Recently, Facebook has publicized the automatic @facebook.com e-mail address that it assigns to users as a default. When people are looking at your profile, they would see your e-mail address as your name or user name @facebook.com. Sounds simple enough, right? Well, this is causing quite a bit of drama because if somebody wants to e-mail you, it may go to your Facebook e-mail address, and the problem is many people do not use this e-mail address. Also, the way the change was introduced, there was no major announcement and there was no awareness raising campaign. They just did it and tried to patch things up and apologize later.
This has happened several times with Facebook. It appears to be, according to many critics, their stock and trade where they would screw up at least in the eyes of some critics and then apologize later. However, to be fair to Facebook, once people get used to these many changes, things quiet down after a while. As for the @facebook.com e-mail profile publishing, there is an easy way you can handle this. You can block the @facebook.com e-mail address from appearing on your profile just by editing your contact info. You can either choose to have it show up on your timeline or you can choose to have it hidden from your timeline. By default, the setting is to have it show up on your timeline.
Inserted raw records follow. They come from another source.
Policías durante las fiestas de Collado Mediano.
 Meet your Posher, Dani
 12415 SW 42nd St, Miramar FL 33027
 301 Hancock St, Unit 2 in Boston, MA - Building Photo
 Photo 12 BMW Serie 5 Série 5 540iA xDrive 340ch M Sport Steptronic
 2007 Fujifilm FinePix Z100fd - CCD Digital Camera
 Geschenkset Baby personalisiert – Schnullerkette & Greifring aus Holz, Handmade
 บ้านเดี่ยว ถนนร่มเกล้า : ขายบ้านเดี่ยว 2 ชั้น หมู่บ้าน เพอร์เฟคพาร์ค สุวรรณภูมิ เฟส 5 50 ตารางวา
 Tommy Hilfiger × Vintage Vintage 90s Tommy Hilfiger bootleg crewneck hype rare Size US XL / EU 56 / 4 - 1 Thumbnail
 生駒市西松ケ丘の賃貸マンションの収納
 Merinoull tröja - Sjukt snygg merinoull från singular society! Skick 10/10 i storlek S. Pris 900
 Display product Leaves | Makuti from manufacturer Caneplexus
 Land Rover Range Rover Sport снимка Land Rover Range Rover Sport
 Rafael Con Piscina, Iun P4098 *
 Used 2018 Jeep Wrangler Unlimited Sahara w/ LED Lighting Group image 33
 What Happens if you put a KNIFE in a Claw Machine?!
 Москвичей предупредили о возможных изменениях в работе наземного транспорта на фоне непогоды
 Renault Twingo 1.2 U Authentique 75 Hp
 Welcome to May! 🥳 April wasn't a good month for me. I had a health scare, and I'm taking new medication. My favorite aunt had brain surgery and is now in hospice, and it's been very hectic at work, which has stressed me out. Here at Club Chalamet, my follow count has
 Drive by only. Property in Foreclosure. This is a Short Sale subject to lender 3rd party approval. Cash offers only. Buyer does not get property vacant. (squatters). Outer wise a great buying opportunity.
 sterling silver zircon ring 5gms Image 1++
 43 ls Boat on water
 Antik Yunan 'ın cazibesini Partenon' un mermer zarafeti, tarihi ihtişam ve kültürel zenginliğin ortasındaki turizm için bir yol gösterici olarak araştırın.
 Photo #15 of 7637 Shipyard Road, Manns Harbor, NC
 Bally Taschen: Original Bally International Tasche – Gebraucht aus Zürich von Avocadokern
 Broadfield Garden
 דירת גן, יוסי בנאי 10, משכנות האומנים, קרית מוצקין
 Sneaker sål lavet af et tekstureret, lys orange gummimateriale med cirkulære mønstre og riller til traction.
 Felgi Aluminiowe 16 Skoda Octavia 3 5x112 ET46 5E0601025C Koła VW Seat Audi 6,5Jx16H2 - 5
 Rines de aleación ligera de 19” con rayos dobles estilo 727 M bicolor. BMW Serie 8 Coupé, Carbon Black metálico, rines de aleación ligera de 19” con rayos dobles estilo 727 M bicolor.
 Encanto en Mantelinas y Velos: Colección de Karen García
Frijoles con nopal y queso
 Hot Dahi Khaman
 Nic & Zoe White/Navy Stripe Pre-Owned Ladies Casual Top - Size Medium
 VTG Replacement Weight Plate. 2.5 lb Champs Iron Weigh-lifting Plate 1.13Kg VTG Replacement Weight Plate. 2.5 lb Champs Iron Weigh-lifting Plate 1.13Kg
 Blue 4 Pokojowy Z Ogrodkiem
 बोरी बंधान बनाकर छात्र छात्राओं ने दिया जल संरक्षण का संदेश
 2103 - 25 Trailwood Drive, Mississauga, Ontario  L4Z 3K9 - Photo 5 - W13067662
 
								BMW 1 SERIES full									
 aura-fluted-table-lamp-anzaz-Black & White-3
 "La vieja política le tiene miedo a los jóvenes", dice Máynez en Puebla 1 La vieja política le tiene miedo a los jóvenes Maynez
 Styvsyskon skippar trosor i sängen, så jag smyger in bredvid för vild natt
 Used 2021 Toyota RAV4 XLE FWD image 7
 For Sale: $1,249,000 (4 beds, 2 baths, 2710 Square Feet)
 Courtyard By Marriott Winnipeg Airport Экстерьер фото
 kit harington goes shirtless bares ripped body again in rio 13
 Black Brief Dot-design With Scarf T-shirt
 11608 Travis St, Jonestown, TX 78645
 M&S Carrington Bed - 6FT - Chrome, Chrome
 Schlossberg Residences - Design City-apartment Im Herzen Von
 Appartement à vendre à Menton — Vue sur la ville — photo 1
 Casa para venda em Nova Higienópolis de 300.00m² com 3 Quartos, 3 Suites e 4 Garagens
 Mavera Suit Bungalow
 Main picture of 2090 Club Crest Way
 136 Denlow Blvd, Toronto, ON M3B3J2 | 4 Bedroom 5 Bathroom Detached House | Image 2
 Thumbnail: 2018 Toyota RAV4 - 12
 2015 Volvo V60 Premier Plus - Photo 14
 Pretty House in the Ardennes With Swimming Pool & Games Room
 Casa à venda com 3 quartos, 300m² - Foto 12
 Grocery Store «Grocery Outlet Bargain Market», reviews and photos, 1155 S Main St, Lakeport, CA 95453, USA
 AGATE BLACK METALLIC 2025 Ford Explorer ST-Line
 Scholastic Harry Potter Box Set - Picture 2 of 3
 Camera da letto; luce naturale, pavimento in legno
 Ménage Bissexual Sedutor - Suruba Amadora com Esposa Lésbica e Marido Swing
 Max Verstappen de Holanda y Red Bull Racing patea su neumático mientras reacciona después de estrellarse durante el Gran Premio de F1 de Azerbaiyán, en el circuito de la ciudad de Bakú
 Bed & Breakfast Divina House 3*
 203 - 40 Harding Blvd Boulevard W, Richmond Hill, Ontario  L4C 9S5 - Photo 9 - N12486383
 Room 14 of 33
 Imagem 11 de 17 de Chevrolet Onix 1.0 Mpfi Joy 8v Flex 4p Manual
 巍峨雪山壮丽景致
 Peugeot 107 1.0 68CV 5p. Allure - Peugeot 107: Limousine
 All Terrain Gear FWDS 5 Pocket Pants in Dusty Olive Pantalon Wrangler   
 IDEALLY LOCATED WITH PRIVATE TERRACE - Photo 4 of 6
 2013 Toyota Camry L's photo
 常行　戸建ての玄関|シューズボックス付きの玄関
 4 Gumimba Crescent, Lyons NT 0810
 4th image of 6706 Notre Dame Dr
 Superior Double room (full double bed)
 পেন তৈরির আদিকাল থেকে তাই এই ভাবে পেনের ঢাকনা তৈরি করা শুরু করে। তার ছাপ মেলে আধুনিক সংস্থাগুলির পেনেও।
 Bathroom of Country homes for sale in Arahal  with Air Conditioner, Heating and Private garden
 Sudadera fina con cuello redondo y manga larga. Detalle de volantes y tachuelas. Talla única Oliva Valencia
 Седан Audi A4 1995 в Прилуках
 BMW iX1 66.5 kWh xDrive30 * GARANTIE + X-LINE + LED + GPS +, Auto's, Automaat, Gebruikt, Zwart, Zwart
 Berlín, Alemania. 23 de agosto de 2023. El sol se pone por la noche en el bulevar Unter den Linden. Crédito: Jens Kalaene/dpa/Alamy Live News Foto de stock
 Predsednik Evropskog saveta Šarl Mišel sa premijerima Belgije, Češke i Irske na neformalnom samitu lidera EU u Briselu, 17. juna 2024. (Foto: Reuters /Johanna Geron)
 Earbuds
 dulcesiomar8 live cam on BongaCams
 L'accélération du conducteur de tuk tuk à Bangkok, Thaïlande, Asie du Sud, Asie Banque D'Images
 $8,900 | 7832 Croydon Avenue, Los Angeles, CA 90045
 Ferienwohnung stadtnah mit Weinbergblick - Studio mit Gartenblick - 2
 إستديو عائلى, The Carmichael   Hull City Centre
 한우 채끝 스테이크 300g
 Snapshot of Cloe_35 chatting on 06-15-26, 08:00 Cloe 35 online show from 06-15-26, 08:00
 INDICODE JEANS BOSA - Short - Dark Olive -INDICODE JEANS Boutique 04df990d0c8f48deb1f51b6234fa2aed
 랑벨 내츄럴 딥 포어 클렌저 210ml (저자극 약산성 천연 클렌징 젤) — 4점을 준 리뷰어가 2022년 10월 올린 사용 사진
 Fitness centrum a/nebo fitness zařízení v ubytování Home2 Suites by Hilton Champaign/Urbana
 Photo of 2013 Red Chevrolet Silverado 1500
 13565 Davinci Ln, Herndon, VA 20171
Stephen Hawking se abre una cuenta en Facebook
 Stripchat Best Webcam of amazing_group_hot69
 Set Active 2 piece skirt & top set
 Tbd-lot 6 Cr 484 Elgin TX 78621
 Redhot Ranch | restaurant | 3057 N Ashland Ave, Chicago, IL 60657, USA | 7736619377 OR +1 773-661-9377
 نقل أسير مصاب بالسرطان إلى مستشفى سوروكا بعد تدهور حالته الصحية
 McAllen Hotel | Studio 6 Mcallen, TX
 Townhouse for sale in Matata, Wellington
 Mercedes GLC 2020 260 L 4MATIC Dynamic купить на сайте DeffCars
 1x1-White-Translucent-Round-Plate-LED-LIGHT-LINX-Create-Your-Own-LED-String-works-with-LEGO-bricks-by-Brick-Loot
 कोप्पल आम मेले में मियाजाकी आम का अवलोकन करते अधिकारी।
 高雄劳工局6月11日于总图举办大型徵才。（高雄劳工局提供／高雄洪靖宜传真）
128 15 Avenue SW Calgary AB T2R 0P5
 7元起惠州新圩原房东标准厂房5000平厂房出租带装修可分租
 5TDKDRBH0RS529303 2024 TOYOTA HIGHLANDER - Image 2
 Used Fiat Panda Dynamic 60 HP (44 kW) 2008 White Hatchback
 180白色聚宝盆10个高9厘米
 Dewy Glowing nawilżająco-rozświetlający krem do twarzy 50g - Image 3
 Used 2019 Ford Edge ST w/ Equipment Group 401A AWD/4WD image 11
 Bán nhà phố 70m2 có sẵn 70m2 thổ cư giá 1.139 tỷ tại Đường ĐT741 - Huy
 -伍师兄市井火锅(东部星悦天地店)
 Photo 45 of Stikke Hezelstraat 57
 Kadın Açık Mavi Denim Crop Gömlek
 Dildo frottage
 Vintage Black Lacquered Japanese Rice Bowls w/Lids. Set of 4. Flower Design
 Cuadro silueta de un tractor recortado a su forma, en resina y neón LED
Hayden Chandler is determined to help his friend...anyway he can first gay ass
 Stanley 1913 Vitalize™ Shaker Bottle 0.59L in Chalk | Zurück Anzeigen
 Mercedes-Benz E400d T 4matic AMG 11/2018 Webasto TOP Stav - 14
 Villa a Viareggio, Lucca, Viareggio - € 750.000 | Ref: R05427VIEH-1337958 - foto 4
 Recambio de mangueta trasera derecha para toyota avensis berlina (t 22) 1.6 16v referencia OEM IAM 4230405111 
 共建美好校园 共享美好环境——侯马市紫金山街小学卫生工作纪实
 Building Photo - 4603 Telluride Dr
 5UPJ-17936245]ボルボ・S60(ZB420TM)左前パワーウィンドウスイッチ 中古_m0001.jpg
All you need to do is go into your contact info section of your user settings and hide it from your timeline. The biggest issue here is that people might send you e-mail to an e-mail address that you do not really use.
The good news is that this change has not been applied to all of Facebook’s 900 million users just yet. Hopefully, the recent uproar regarding this change would force Facebook to be more public about the change. The issue here is not so much Facebook making changes; it is the advance notice (or lack thereof) it gives to people regarding these changes. As we have mentioned earlier, it has already been struggling with maintaining its user growth momentum in high advertiser value countries and this might yet shape up to be another public relations black eye for the social networking company.